SELECT count_estimate('SELECT * FROM things WHERE status IN (''Active'', ''Pending'')');

This works, but I think it’s error prone. You would need to escape the single quotes in each of the query parameters, and also escape the single quotes in the query itself. You would need to use unescaped literals, and then add the escaping back in manually.

Fortunately, there’s a better way.

PostgreSQL supports dollar quoting, which means the rendered query can be embedded like this instead (syntax highlighting disabled to avoid confusion). With this approach, we don’t need to worry about correctly escaping single quotes.

SELECT count_estimate($$SELECT * FROM things WHERE status IN ('Active', 'Pending')$$);

This is easier to work with, but it’s still not a total solution. If a user found a way to send a $$ sequence into your application, there would be a syntax error again, and possibly even a SQL injection vulnerability.

A way to mitigate that threat is to add tags to the dollar quotes.

SELECT count_estimate($someTag$SELECT * FROM things WHERE status IN ('Active', 'Pending')$someTag$);

The tags must match on both sides, and as far as I can tell (though I didn’t see this specified in the documentation), the tag should only contain alphabetical characters.

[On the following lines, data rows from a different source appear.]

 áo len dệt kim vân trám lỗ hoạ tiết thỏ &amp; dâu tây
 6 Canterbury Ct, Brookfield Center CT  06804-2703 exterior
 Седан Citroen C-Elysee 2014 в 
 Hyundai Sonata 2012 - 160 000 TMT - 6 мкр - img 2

To avoid the possibility of an attacker brute-forcing the tag inside the dollar quotes, a random alphabetical string can be generated every time the query is run, and that random string can be used as the tag.

To tie this all together, here’s the kind of thing you would write in your HTTP request handler. If the query planner thinks the result set will be greater than 5,000 rows then we don’t bother trying to precisely count the results and instead return the approximation. Otherwise, run the real COUNT(*) query.

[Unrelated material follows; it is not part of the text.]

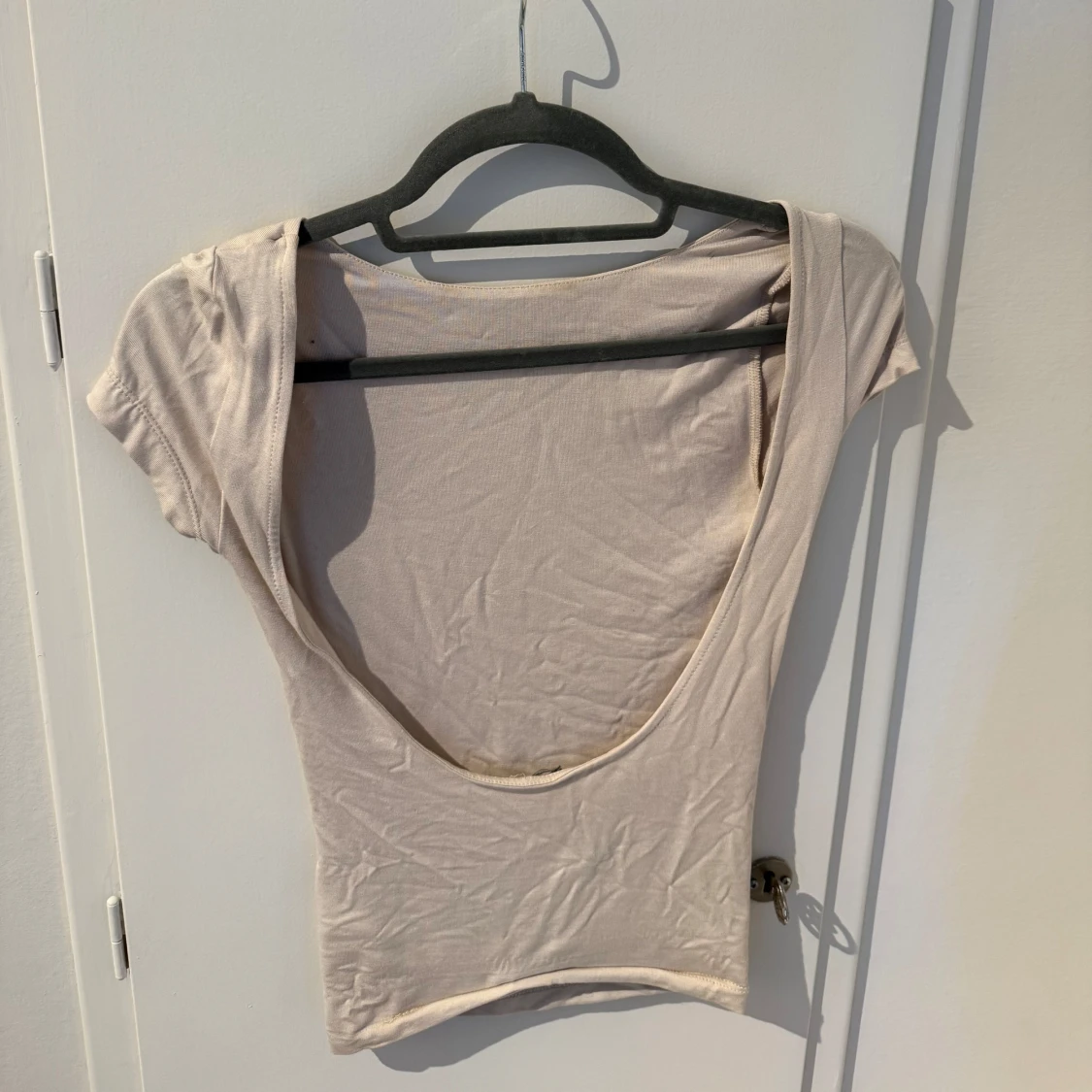 Beige kortärmad topp - 90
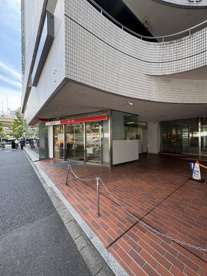 三菱UFJ銀行麻布支店の画像1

getThingsR :: Handler Html
getThingsR = do
  -- some handler code…

  -- Random string generation from the random-strings package
  tag <- pack <$> liftIO (randomWord (onlyAlpha randomASCII) 10)
  resultLen <- runDB $ do
    rendered <- renderQuerySelect getThings
    getEstimate tag rendered >>= \case
      Just (Approximate n)
        | n > 5000  -> pure $ Approximate n -- Return the estimate
        | otherwise -> getThingsCount       -- Run an accurate @COUNT(*)@ query
      _ -> pure $ Precise 0                 -- Should never happen…

  -- more handler code…

Finally, when it comes to presenting the result length to the user, we’re able to implement a more informative UI owing to the fact that our figures are meaningfully tagged.

<p.results-length>
  $case resultLen
    $of Approximate n
      About #{format commas n} results
    $of Precise n
      $if n == 1
        1 result
      $else
        #{format commas n} results

This approach has soothed my counting performance woes in my hobby business and I’m quite pleased with the result. Further performance gains could likely be had from tuning the database configuration, a smarter use of indexes, or perhaps just throwing better hardware at the problem.

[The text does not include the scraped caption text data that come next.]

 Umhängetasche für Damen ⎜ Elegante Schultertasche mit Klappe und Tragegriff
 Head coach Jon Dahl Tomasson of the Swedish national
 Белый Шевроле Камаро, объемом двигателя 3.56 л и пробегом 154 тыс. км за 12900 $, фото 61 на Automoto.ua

I think this code would benefit from some property-based tests, which I am yet to write. I’d like to verify that none of this function chain causes a syntax error in the database, no matter what kind of query you throw at it. I may find that I need to carefully sanitise inputs in addition to the dollar quote escaping.

Hopefully this also shows that Haskell is perfectly suitable — ideal, even — for real world work.

Yes, I’m aware neither unsafeSqlFunction nor rawSql are particularly safe functions, but sometimes we need escape hatches. Let’s not throw the baby out with the bath water.↩︎